Il tempo scorre inesorabile, e il regime iraniano degli ayatollah si avvicina sempre più al "sogno" della bomba atomica: un incubo per il mondo occidentale e per la regione sottostante.
Le sanzioni economiche imposte all'Iran vedono il mondo diviso sulla loro applicazione, e nel frattempo paradossalmente agevolano Ahmadinejad in due modi: anzitutto favorendo una crescita delle quotazioni petrolifere, poiché una contrazione dell'offerta iraniana priva il mercato mondiale di una considerevole fonte. Il livello di pareggio è fissato a 80 dollari: quotazioni superiori producono entrate maggiori della spesa pubblica, qualora l'Iran dovesse riuscire a collocare comunque la sua produzione. Il mondo impatterebbe negativamente sulla leadership iraniana soltanto con quotazioni del greggio inferiori a questa soglia; non superiori.
In secondo luogo, l'applicazione delle sanzioni e l'attesa del loro concretizzarsi, fornisce prezioso tempo al regime degli ajatollah. Anziché avvicinare il momento di una soluzione decisa, lo allontana irrimediabilmente: difficile paventare missioni di distruzione delle installazioni nucleari, prima che le sanzioni incomincino a fare effetto.
Oltretutto ci sono forti dubbi circa l'efficacia di uno "strike". Il regime iraniano sta procedendo con sollecitudine allo spostamento delle installazioni nucleari nel sottosuolo. Il sito di arricchimento dell'uranio di Natanz è situato a 6 metri (25 piedi) di profondità, mentre l'aviazione israeliana è dotata di munizioni che penetrano un muro di cemento armato fino a 20 piedi. Gli Stati Uniti ammettono che le armi in loro possesso non sarebbero in grado di colpire tutte le attuali installazioni nucleari iraniane.

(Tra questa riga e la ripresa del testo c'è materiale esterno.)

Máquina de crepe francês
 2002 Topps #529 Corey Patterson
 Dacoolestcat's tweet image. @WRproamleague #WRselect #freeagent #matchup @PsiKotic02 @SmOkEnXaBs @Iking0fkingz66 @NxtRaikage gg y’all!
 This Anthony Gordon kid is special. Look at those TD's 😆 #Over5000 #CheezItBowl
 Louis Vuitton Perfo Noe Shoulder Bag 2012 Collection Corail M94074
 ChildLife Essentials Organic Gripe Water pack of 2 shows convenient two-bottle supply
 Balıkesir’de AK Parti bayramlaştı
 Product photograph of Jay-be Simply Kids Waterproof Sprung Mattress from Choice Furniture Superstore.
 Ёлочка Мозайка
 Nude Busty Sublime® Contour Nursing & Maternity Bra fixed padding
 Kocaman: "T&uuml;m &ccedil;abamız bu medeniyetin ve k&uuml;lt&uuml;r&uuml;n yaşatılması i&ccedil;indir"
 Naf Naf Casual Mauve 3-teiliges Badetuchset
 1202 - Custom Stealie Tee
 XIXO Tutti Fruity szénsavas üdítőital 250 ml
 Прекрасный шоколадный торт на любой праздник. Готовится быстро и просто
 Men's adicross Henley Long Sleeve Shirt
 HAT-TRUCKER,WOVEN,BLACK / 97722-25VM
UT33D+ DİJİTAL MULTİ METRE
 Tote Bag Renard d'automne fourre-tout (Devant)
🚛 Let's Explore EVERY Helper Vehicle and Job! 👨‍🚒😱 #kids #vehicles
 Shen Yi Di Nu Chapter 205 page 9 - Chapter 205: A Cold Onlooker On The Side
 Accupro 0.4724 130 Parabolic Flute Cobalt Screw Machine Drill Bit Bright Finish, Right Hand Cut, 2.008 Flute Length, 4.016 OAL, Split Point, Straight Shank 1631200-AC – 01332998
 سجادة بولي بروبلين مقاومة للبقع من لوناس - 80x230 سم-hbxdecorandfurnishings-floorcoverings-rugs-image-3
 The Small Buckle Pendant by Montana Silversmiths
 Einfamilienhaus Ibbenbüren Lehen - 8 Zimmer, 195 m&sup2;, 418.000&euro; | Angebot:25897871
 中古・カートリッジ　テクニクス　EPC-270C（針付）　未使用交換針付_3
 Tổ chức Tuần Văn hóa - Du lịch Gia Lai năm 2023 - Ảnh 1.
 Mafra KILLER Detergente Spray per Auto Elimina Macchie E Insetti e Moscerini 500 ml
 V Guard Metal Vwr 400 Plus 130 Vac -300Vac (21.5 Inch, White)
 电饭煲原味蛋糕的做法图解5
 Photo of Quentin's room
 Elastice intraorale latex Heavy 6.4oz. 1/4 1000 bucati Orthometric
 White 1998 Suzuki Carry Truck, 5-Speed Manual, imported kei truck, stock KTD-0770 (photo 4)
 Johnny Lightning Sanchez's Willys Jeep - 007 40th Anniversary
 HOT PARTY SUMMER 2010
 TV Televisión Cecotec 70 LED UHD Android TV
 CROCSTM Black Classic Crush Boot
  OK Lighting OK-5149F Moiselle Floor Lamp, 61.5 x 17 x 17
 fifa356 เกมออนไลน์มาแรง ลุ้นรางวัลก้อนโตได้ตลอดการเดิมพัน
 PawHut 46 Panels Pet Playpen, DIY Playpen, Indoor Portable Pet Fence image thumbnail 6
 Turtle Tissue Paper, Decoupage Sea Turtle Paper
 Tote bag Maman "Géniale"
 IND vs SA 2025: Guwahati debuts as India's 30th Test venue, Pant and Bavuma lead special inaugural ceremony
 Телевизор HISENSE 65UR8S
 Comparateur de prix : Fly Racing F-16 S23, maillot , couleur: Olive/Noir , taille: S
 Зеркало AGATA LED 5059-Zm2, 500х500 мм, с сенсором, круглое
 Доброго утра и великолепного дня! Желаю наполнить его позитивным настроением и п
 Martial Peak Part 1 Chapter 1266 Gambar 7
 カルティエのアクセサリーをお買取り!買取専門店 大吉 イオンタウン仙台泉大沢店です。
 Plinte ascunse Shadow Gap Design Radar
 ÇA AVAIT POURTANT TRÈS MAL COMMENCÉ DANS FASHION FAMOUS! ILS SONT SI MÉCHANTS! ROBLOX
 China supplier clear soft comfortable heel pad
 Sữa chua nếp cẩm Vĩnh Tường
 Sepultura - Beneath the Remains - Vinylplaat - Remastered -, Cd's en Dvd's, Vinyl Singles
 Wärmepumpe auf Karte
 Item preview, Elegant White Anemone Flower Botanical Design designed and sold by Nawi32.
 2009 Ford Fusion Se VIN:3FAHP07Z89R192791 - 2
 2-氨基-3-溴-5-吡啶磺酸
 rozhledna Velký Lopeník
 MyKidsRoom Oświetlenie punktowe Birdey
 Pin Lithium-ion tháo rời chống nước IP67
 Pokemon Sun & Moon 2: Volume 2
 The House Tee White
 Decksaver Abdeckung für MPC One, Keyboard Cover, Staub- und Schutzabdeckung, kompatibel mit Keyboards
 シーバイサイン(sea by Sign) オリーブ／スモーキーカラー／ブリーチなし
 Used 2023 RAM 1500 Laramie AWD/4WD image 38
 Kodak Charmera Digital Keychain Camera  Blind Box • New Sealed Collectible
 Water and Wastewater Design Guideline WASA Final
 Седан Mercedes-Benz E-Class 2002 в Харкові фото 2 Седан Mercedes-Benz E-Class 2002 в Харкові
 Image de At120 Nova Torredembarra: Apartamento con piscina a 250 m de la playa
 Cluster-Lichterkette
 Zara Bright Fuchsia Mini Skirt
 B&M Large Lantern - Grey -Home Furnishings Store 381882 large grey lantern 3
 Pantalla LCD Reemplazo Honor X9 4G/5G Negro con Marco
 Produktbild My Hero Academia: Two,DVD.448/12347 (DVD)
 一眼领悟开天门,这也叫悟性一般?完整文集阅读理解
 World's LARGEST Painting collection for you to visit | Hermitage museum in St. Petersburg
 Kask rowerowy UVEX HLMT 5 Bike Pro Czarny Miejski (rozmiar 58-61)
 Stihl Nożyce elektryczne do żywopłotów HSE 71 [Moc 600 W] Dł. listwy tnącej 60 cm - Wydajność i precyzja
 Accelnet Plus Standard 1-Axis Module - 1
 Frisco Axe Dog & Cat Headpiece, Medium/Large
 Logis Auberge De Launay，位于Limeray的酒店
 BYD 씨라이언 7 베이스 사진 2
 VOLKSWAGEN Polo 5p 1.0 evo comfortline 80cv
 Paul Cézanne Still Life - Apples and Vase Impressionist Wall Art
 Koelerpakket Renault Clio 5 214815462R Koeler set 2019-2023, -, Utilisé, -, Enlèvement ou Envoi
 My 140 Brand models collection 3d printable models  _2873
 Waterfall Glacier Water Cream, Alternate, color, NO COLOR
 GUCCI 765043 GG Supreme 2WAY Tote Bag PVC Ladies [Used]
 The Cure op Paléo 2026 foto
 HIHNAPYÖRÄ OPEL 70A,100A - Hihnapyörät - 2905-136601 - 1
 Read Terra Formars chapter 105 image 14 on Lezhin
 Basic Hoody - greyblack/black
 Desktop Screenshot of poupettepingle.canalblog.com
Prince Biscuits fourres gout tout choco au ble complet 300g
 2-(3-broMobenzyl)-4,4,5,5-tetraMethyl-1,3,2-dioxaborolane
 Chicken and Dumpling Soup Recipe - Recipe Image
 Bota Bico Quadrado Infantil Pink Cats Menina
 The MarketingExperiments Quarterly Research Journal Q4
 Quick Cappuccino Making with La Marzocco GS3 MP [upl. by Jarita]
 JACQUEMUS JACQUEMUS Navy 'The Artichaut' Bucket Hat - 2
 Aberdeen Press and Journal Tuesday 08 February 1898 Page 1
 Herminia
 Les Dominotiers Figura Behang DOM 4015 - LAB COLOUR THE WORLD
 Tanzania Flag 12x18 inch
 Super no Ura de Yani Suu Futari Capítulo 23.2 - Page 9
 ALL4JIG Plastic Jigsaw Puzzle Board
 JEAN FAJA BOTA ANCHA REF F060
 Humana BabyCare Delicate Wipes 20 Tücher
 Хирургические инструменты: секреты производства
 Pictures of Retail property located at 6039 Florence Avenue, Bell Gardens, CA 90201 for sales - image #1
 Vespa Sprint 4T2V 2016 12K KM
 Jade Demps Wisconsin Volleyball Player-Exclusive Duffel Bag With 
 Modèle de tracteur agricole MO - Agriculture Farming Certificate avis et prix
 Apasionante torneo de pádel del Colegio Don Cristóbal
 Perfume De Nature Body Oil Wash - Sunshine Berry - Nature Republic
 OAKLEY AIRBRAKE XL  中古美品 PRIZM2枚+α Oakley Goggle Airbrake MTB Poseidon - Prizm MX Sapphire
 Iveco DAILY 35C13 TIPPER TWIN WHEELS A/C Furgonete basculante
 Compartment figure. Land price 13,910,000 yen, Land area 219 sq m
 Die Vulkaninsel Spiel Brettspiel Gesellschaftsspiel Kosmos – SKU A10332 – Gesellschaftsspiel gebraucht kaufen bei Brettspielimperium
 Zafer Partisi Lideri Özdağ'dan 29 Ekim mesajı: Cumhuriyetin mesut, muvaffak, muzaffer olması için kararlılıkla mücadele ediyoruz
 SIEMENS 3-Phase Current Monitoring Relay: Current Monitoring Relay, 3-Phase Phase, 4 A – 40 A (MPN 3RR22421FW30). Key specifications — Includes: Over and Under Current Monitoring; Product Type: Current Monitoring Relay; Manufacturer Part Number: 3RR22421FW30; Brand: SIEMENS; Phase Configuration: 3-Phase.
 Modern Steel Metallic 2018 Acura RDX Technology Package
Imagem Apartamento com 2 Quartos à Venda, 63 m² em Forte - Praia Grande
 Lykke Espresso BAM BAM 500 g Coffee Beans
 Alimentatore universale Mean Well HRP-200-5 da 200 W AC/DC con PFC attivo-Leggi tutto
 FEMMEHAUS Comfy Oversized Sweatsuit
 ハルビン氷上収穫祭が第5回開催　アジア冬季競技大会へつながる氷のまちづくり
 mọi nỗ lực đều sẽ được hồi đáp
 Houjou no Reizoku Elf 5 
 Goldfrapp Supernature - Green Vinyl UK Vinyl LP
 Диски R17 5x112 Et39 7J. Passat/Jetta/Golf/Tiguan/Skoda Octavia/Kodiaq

L'Occidente insomma comincia a recitare il mea culpa: la malevole miopia di El Baradei, quando a capo dell'Agenzia Internazionale dell'Energia ha rifiutato di ammettere la natura bellica della ricerca nucleare iraniana, e l'eccessiva indulgenza dell'Occidente, con l'assurda politica "delle mani tese", hanno fornito al regime di Ahmadinejad tempo utile per portare a termine la realizzazione di - forse - quattro bombe atomiche ad alto potenziale. Si stima che a metà anno il processo sarà completato, e l'Iran potrà schierare il suo arsenale nucleare. Minacciando l'unico stato verso il quale si manifesta quotidiana ostilità, e inducendo le altre potenze locali a correre ai ripari, dotandosi di analogo arsenale nucleare a scopo di deterrenza.
Nel frattempo l'unico stato disponibile a sobbarcarsi l'eventualità di una missione eroica quanto potenzialmente suicida - Israele - fronteggia il rischio di dolorose rappresaglie; ancora una volta, favorite dall'ottusità occidentale. Ieri un alto diplomatico italiano ha chiarito che qualora gli Hezbollah a sud del Libano (e nel governo di Beirut) dovessero aggredire le città settentrionali di Israele, in risposta ad un attacco di questi alle installazioni iraniane; l'esercito italiano non muoverà un dito. Bizzarra posizione, dal momento che missione dell'UNIFIL è proprio quella di disarmare l'organizzazione terroristica sciita, e di prevenirne nuovi attacchi nei confronti di Israele. Non è più agevole la posizione sul fronte meridionale, con Hamas rafforzata dalla vittoria schiacciante delle organizzazioni integralista islamiche nel vicino Egitto, con le forze democratiche e liberali invece annichilite.
Senza considerare che secondo gli esperti, un attacco ben riuscito alle postazioni nucleari iraniane riuscirebbe a rimandare di due, al massimo tre anni il conseguimento di una bomba atomica; non a prevenirlo del tutto. Un incubo che si fa sempre più concreto, e che rappresenta una concreta minaccia per la pace nel mondo da qui ai prossimi anni.